Collaboration is ‘game changer’ in delivering cell and gene therapies
Collaboration between the pharmaceutical industry, patients and health regulators will be a ‘game changer’ in delivering exciting new cell and gene therapies to treat conditions like cancer and vision loss.
Collaboration between the pharmaceutical industry, patients and health regulators will be a ‘game changer’ in delivering exciting new cell and gene therapies to treat conditions like cancer and vision loss, says a new review article written by Association of the British Pharmaceutical Industry (ABPI)’s Head of Manufacturing Innovation, Dr Magda Papadaki.
The review is the first step towards a roadmap to advance the development, approval and adoption of these innovative medicines.
Access to treatment
Despite the emergence of new cell and gene therapies for long-term management or even cures for some of the world’s rarest diseases and immuno-oncology, patients still face delays in accessing these new treatments. Dr Papadaki argues that there needs to be a shift towards continual, long term monitoring of the benefits and risks of medicines instead of the current assessments made on limited, up-front evidence, to make sure therapies live up to their potential. If this does not happen, patients might miss out or face significant delays in getting access to this new wave of medicines.

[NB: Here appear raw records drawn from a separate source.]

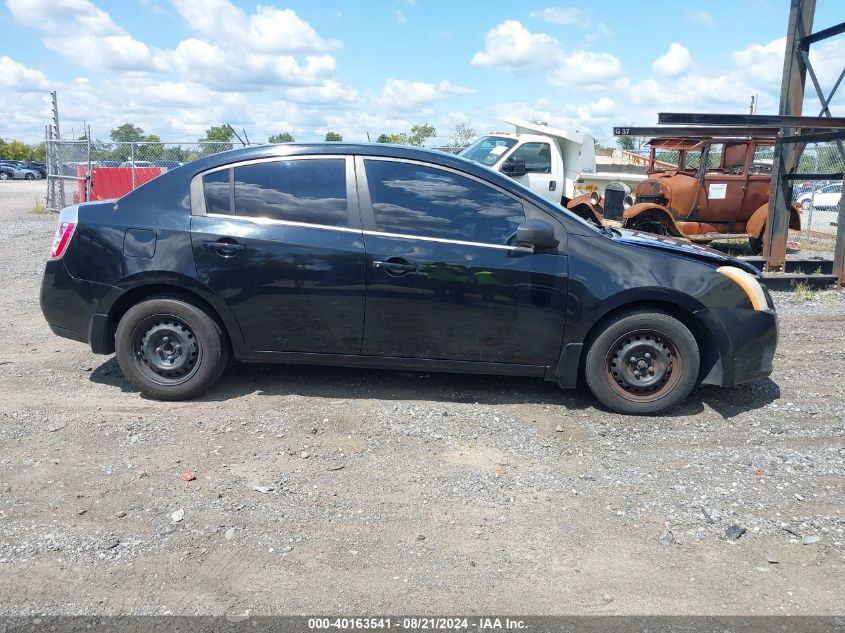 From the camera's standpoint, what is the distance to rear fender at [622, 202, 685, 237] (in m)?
12.7

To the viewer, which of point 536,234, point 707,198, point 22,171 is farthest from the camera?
point 22,171

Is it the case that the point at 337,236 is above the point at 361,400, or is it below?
above

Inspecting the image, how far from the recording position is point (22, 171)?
52219mm

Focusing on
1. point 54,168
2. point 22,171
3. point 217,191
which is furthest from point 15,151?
point 217,191

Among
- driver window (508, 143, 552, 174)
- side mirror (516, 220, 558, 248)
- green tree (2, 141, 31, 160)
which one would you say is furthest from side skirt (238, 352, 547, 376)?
green tree (2, 141, 31, 160)

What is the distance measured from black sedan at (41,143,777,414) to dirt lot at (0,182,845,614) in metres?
0.37

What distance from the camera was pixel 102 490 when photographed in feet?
12.6

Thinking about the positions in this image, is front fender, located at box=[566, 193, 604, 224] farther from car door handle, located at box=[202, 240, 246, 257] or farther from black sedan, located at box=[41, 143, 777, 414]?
car door handle, located at box=[202, 240, 246, 257]

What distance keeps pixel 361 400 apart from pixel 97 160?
17.5 meters

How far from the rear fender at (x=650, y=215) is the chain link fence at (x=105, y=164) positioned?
10.9 meters

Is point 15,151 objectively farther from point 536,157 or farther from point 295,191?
point 295,191

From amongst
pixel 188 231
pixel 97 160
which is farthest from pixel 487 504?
pixel 97 160

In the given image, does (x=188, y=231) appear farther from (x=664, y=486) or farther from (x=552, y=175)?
(x=552, y=175)

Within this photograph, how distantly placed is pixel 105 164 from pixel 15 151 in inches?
2429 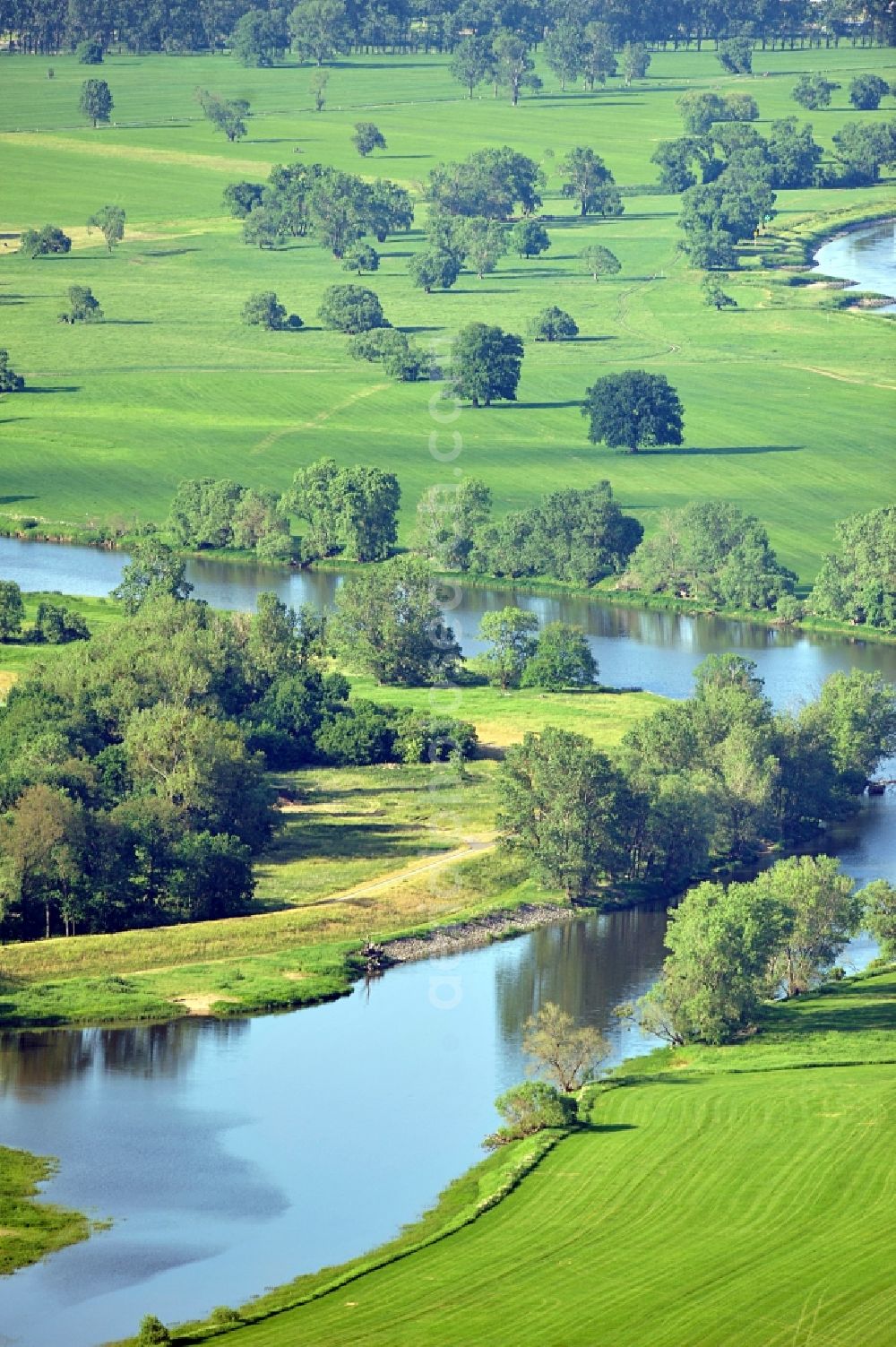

The paradigm shift in the way therapeutic products are developed and assessed will rest on an unparalleled level of early and continuous collaboration between unfamiliar bedfellows; from industry and regulators, to payers and patients, says Papadaki.
Dr Magda Papadaki is the ABPI Director for the Medicines Manufacturing Industry Partnership (MMIP) and supports the UK’s industry-government ATMP Manufacturing Taskforce: examining the UK’s position in medicines manufacturing and identifying opportunities for improvement in the manufacturing and development of small molecules, biologics, vaccines and cell & gene therapies. Speaking about the review paper, she said:
“By looking at the growing number of public-private partnerships and open innovation projects, as well as emerging accelerated development schemes, this review attempts to define the new business and organisational standards needed to ensure patients get new innovative treatments faster.
“As decision-making from lab bench to the clinic becomes more coordinated, it is imperative that ATMP developers redefine how they operate in this uncharted territory and build new ‘fit-for-purpose’ business models that capitalise on the evolving partnerships between the industry and the NHS – including with shared clinical and data infrastructures – for the benefit of patients.”
The paper was reviewed by Professor Andrew Webster, Director of the Science and Technology Studies at the University of York, and Professor Michael Barrett, Director of Studies in Management at Hughes Hall, University of Cambridge.